Despite these advances, some important gaps remain that prevent many applications from transitioning to Hadoop-based architectures. Users are often caught between a rock and a hard place: columnar formats such as Apache Parquet offer extremely fast scan rates for analytics, but little to no ability for real-time modification or row-by-row indexed access. Online systems such as HBase offer very fast random access, but scan rates that are too slow for large scale data warehousing workloads.

This talk will investigate the trade-offs between real-time transactional access and fast analytic performance from the perspective of storage engine internals. It will also describe Kudu, the new addition to the open source Hadoop ecosystem with out-of-the-box integration with Apache Spark, that fills the gap described above to provide a new option to achieve fast scans and fast random access from a single API.

Speaker:

David Alves. Software engineer at Cloudera working on the Kudu team, and a PhD student at UT Austin. David is a committer at the Apache Software Foundation and has contributed to several open source projects, including Apache Cassandra and Apache Drill.

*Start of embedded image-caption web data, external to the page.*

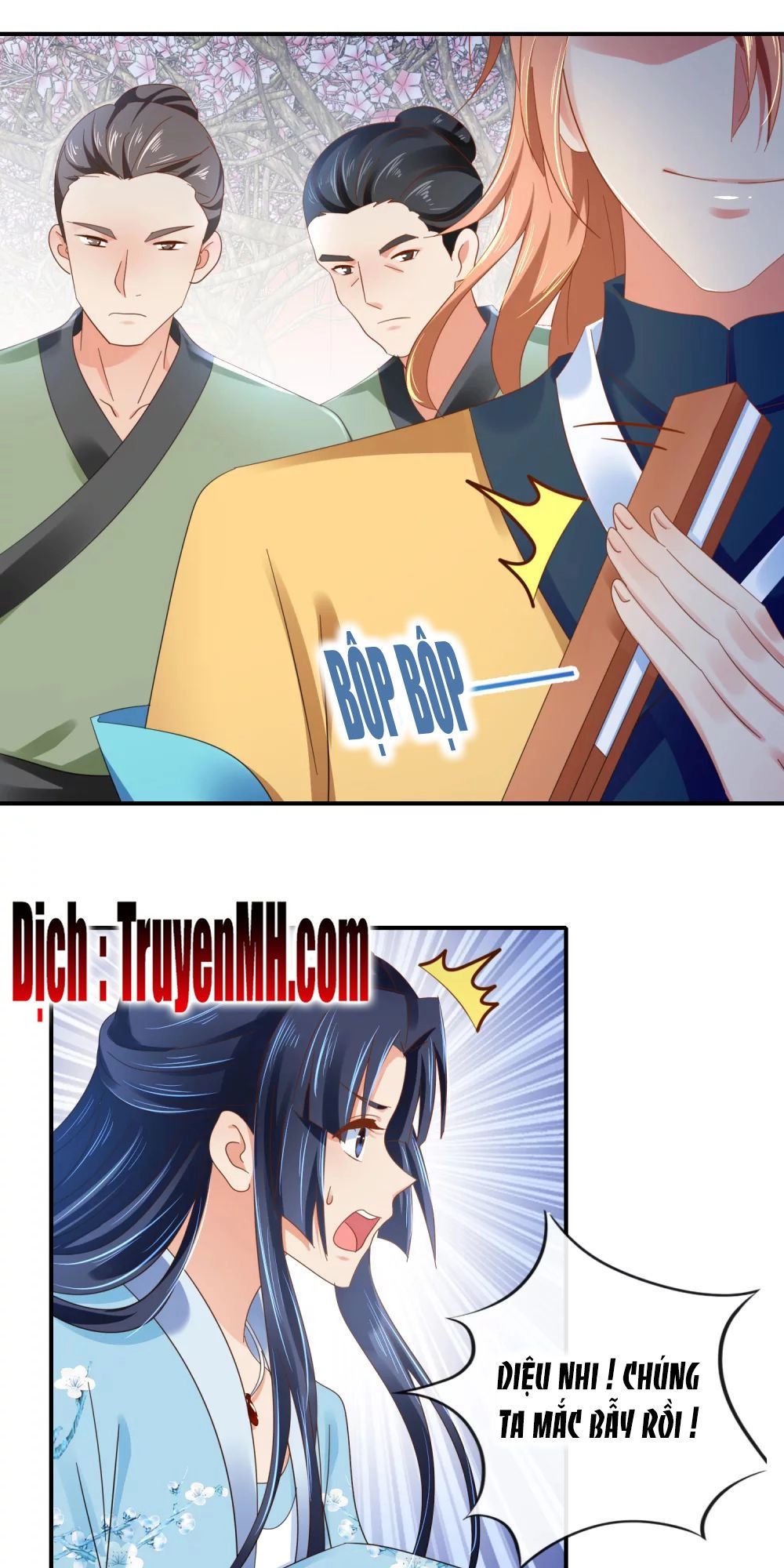 Lãnh Cung Phế Hậu Muốn Nghịch Thiên Chapter 114 - 12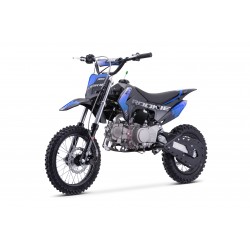 Dirt Bike MX Rookie 150cc - 12"/14" - Bleu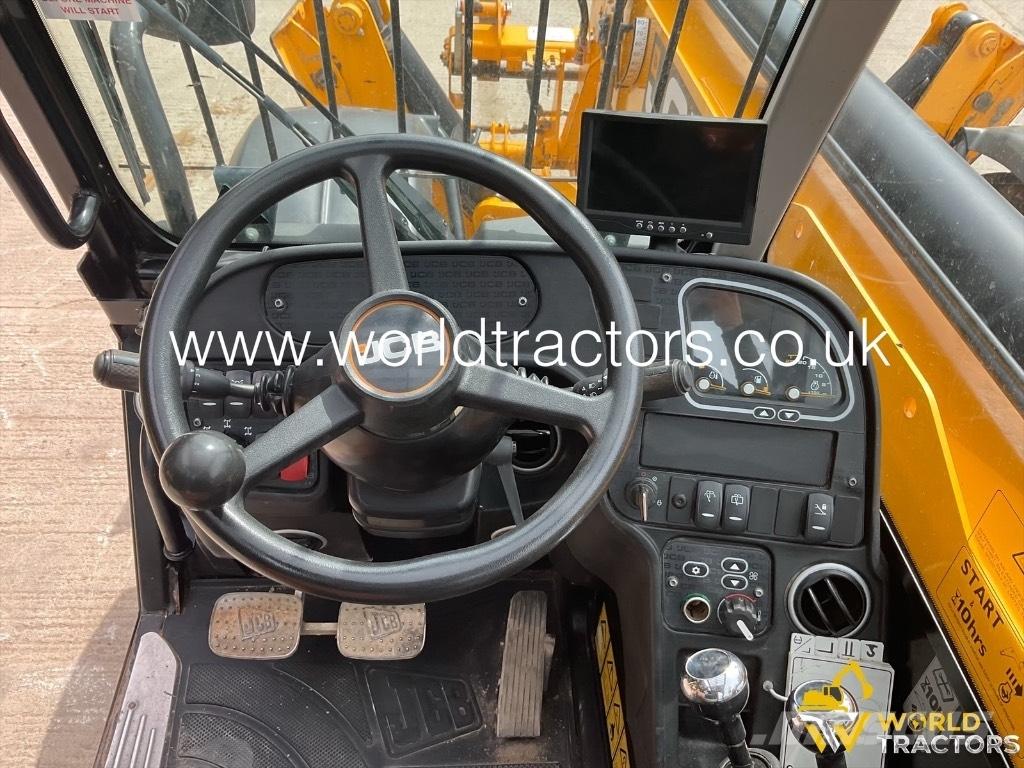 JCB 540-140 Teleskopik yükleyiciler
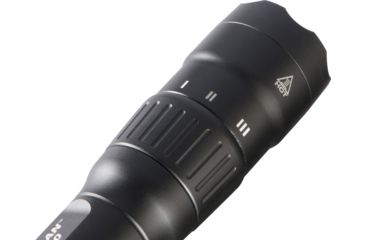 Image of Pelican 7600, 3-Color Led Li-Ion Rechargeable, Black, 076000-0000-110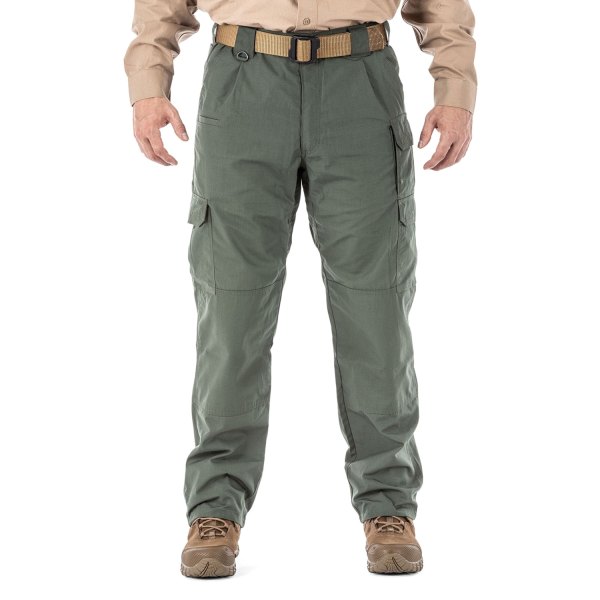 5.11 Tactical® - TACLITE™ Pro Men's TDU Green Pants (44" Waist, 34" Inseam)
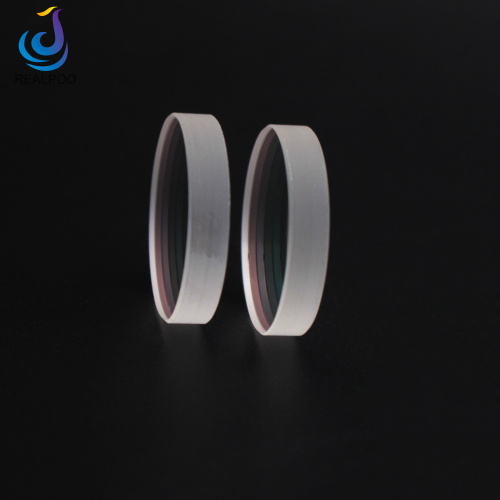 Diameter 25.4mm Fused Silica Laser Protective Lens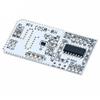2PCS High Performance Motion Sensor Module Radar Motion Sensor HW-MS03 2.4GHz to 5.8GHz Microwave Radar Sensor Module for Arduino view 3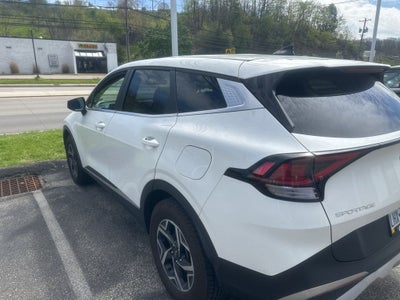 2023 Kia Sportage LX AWD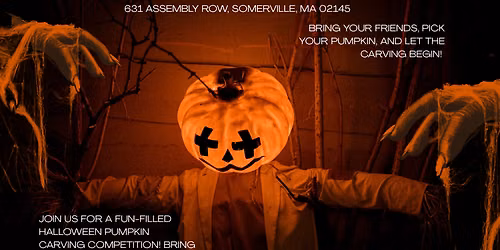 Pumpkin Carving Contest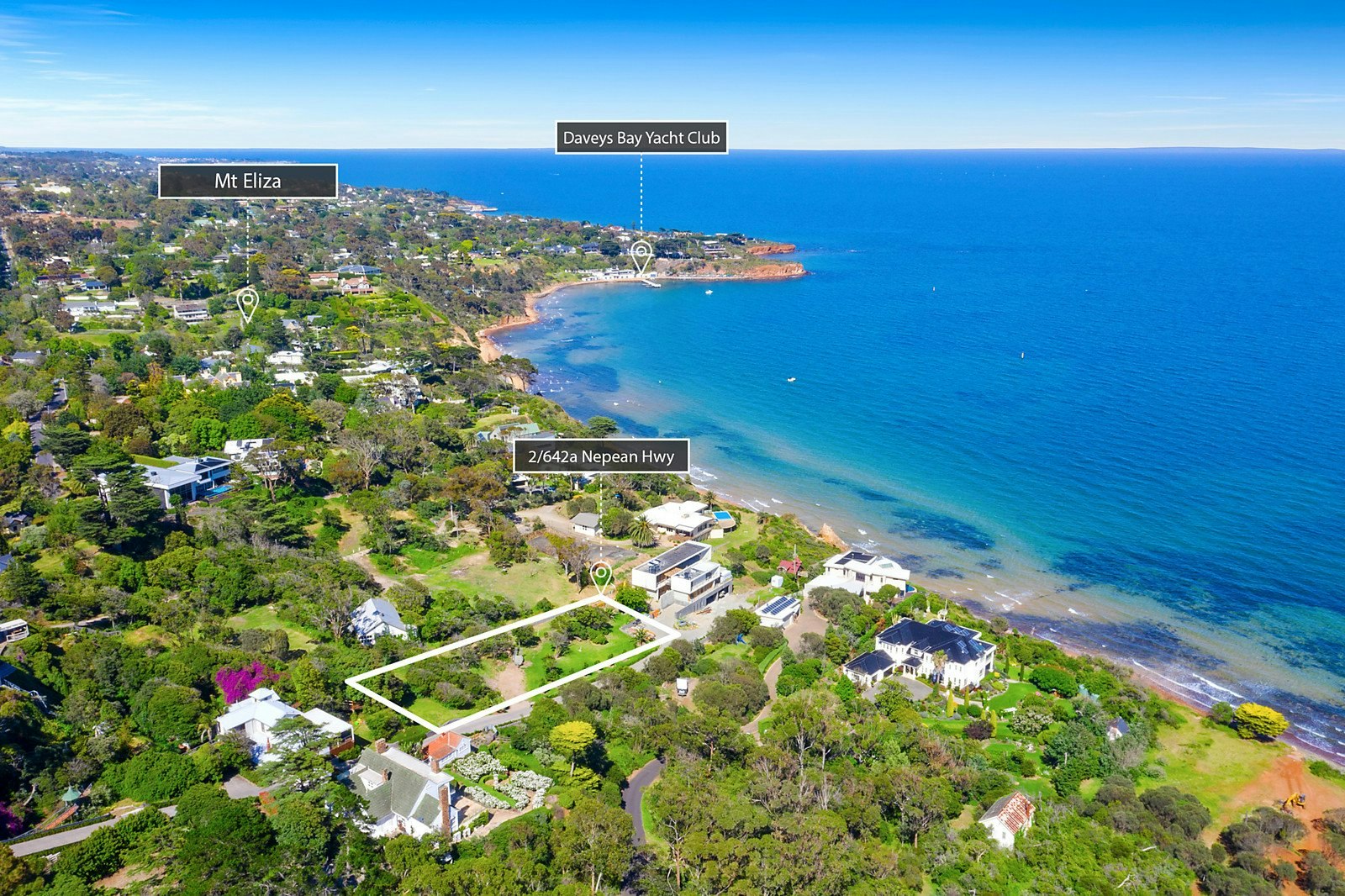 2/642A Nepean Highway, Frankston South, VIC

Session 3 (7:30 - 8:00 PM) - Running Spark Clusters in Containers with Docker

This session will examine the many options the data scientist has for running Spark clusters in public and private clouds. We will discuss various environments employing AWS, Mesos, containers, docker, and BlueData EPIC technologies and the benefits and challenges of each.

Speaker:

Tom Phelan, Co-founder and Chief Architect - BlueData Inc. Tom has spent the last 25 years as a senior architect, developer, and team lead in the computer software industry in Silicon Valley. Prior to co-founding BlueData, Tom spent 10 years at VMware as a senior architect and team lead in the core R&D Storage and Availability group. Most recently, Tom led one of the key projects – vFlash, focusing on integration of server-based Flash into the vSphere core hypervisor. Prior to VMware, Tom was part of the early team at Silicon Graphics that developed XFS, one of the most successful open source file systems. Earlier in his career, he was a key member of the Stratus team that ported the Unix operating system to their highly available computing platform. Tom received his Computer Science degree from the University of California, Berkeley.